Actually the patch https://review.opendev.org/#/c/739964/ is in this ironic image but the 2nd patch https://review.opendev.org/751813 is not.  In the process of tagging the latest ironic packages along with dependencies to pick up this fix.

Comment 7 Tomas Sedovic 2020-09-30 10:20:12 UTC

Adding the cross-tagging request for the fixes as a dependency to this bug:

https://bugzilla.redhat.com/show_bug.cgi?id=1883678

Comment 8 Bob Fournier 2020-09-30 16:41:29 UTC

The ironic fix for agent token [1] has been tagged for inclusion in the ironic-image, it will be in the next ironic-image build.  Note that we've seen this fix resolve the same "agent token generation request is being refused" issue as reported here (see https://storyboard.openstack.org/#!/story/2008097).  That being said, we haven't been able to reproduce this particular problem in dev-scripts.
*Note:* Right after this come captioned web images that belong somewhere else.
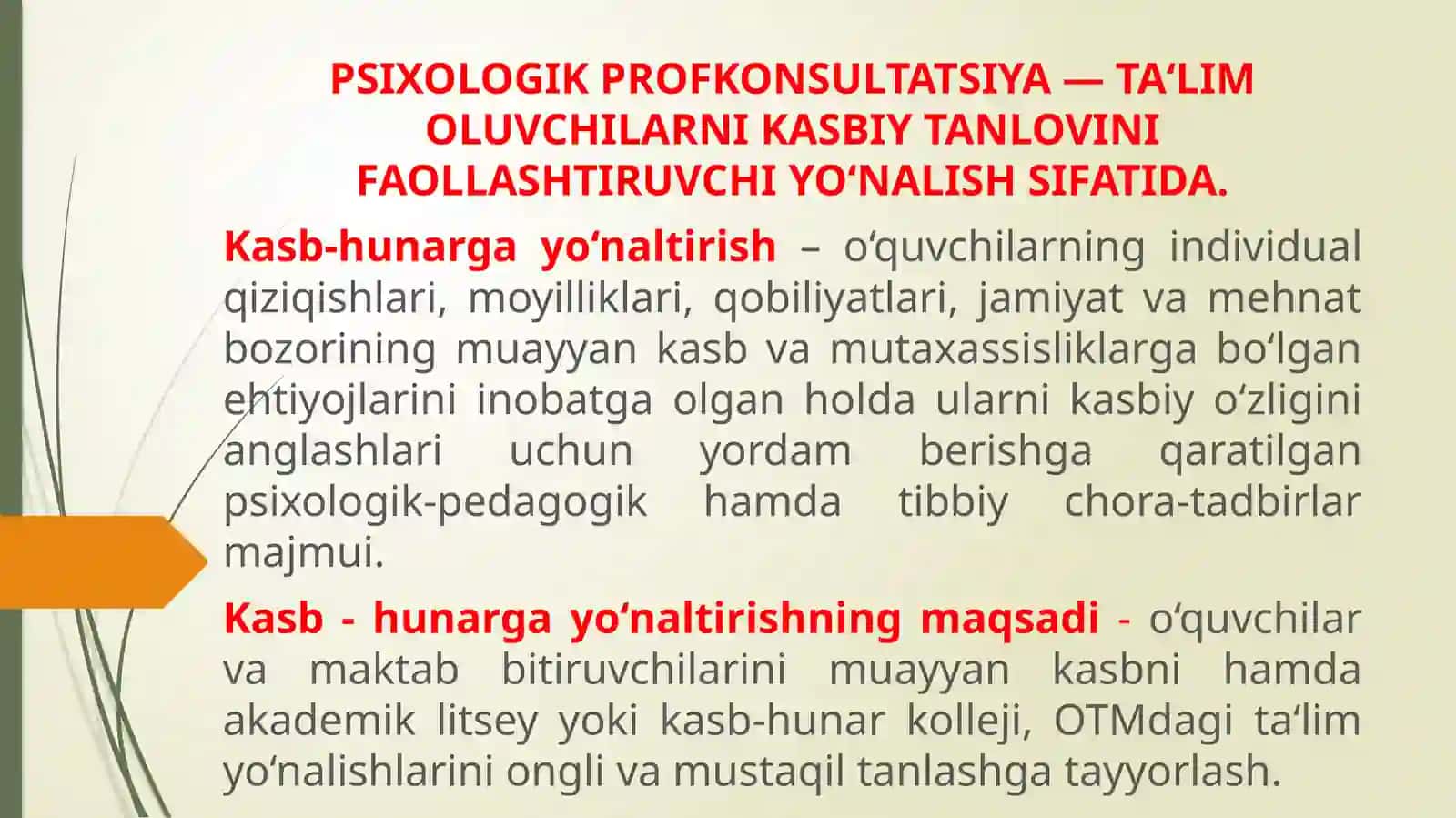 TURLI YOSH VA KATEGORIYADAGI TA’LIM OLUVCHILAR BILAN AMALIYOTCHI PSIXOLOGNING KASBGA YO’NALTIRISH FAOLIYATI 2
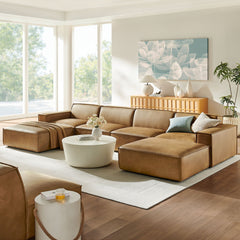 Restore Toast 6-Piece Vegan Leather Modular Sectional Sofa - Ornate Home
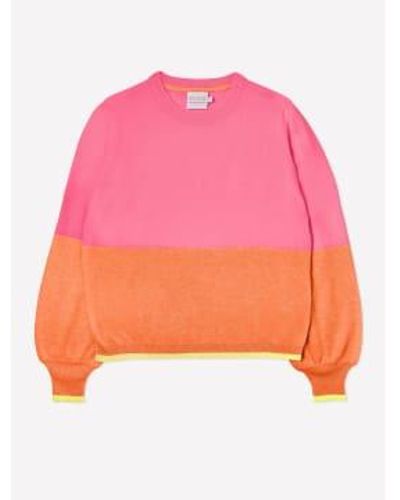 Brodie Cashmere And Orange Balloon Sleeve Colors Block Sweater L - Pink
We recommend retesting with the updated ironic-image.

[1] https://review.opendev.org/751813

Comment 9 Derek Higgins 2020-09-30 16:52:53 UTC

Marius, we're having trouble reproducing this, I've successfully added additional bmh's to a cluster and scaled up onto them without any delay (using 4.6.0-0.nightly-2020-09-30-091659)

I did have some luck provoking the same 400 error by powering nodes on and off before scaling up.

Did you do anything after adding the bmh's and before attempting to scale up? Also can you retry with the ironic fix Bob has just tagged.

Comment 10 Bob Fournier 2020-09-30 18:53:35 UTC

The ironic-container-v4.6.0-202009301654.p0[1] has been built with the openstack-ironic-conductor-1:15.2.1-0.20200929104811.fb90ed4.el8ost.noarch pkg that has the token fix.

Marius - please retry with this fix and let us know. Thanks.

[1] https://brewweb.engineering.redhat.com/brew/buildinfo?buildID=1336575

Comment 12 Marius Cornea 2020-09-30 19:03:37 UTC

(In reply to Derek Higgins from comment #9)
> Marius, we're having trouble reproducing this, I've successfully added
> additional bmh's to a cluster and scaled up onto them without any delay
> (using 4.6.0-0.nightly-2020-09-30-091659)
> 
> I did have some luck provoking the same 400 error by powering nodes on and
> off before scaling up.
> 
> Did you do anything after adding the bmh's and before attempting to scale
> up? Also can you retry with the ironic fix Bob has just tagged.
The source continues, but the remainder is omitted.